TODAY IN HISTORY: June 16 - Today's Stories: U.S. Army Corps of Engineers A New Deal: The First 100 Days
U.S. Army Corps of Engineers
On June 16, 1775, George Washington was appointed commander in chief of the Continental Army by the Second Continental Congress. That same day, the Congress authorized the creation of the post of chief engineer for the army, in anticipation of upcoming battles with British forces. The engineers’ work building fortifications, surveying terrain, and clearing roads during the war proved so valuable to the Revolutionary forces that the Congress resolved, four years later, based on a recommendation from the Board of War:
Resolved, That the engineers in the service of the United States shall be formed into a corps, and styled the “corps of engineers;” and shall take rank and enjoy the same rights, honours, and privileges, with the other troops…That a commandant of the corps of engineers shall be appointed by Congress, to whom their orders, and those of the Commander in Chief, shall be addressed…
The future of the corps was even more firmly assured in 1802, when President Thomas Jefferson established the U.S. Military Academy at West Point, the first U.S. school of engineering. Until 1866, the superintendent of West Point was an engineer officer. One of West Point’s missions was to train generations of military engineers to participate in both military and civilian engineering projects on behalf of the nation.
The Army Corps of Engineers played an active role in the development and/or completion of many sites in the nation’s capital, including the Washington Monument, the Lincoln Memorial, Rock Creek Park, and the Library of Congress. Pierre Charles L’Enfant, a Frenchman who had served as an engineer during the American Revolutionary War, designed the basic plan for the city of Washington, D.C., and supervised the design of its earliest public buildings.

The U.S. Army Corps of Engineers has engaged in various civil construction projects and has long maintained a national role in the development of coastal fortifications, lighthouses, and waterways; in the improvement of rivers and harbors; and in the design, building, and maintenance of structures such as bridges, canals, levees, locks, and hydroelectric dams and roads.

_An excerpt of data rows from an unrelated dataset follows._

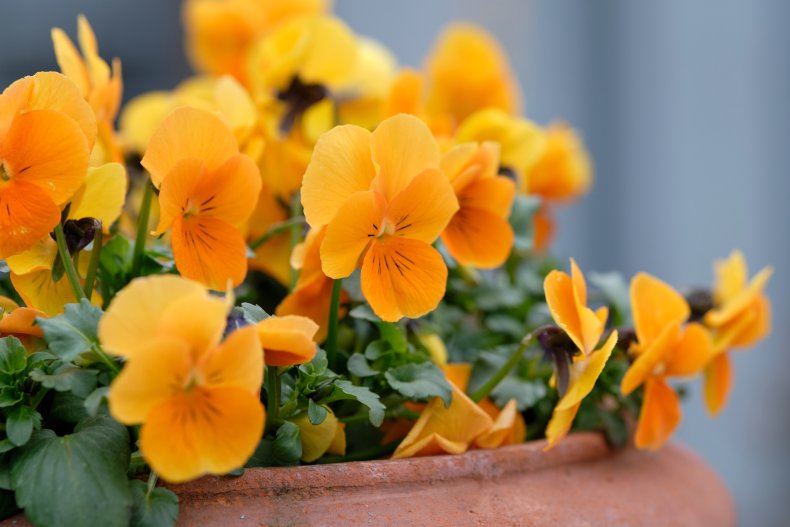 orange pansies blooming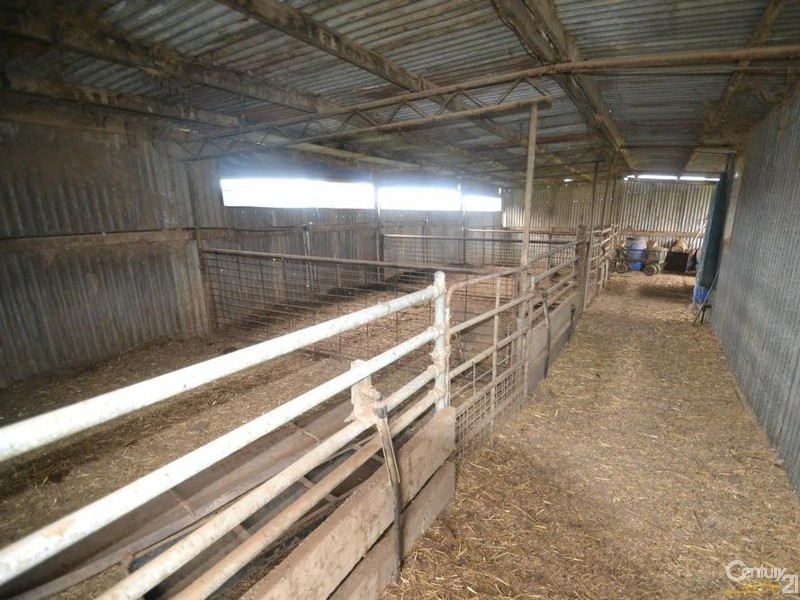 307 Kervins Road, Cohuna VIC 3568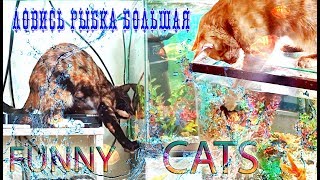 №5 СМеШноЕ ВиДЕо пРо КОшЕК!!! FUNNY CATS:))) ПРИКОЛЫ!!!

To relieve unemployment during the Great Depression, the U.S. Government engaged the Corps of Engineers in planning, constructing, and maintaining a vast flood control network of levees along the Mississippi River and its tributaries. The dams and locks of the related Upper Mississippi Nine-Foot Channel Project mitigated economic problems and brought a fully navigable interior river system to the Midwest.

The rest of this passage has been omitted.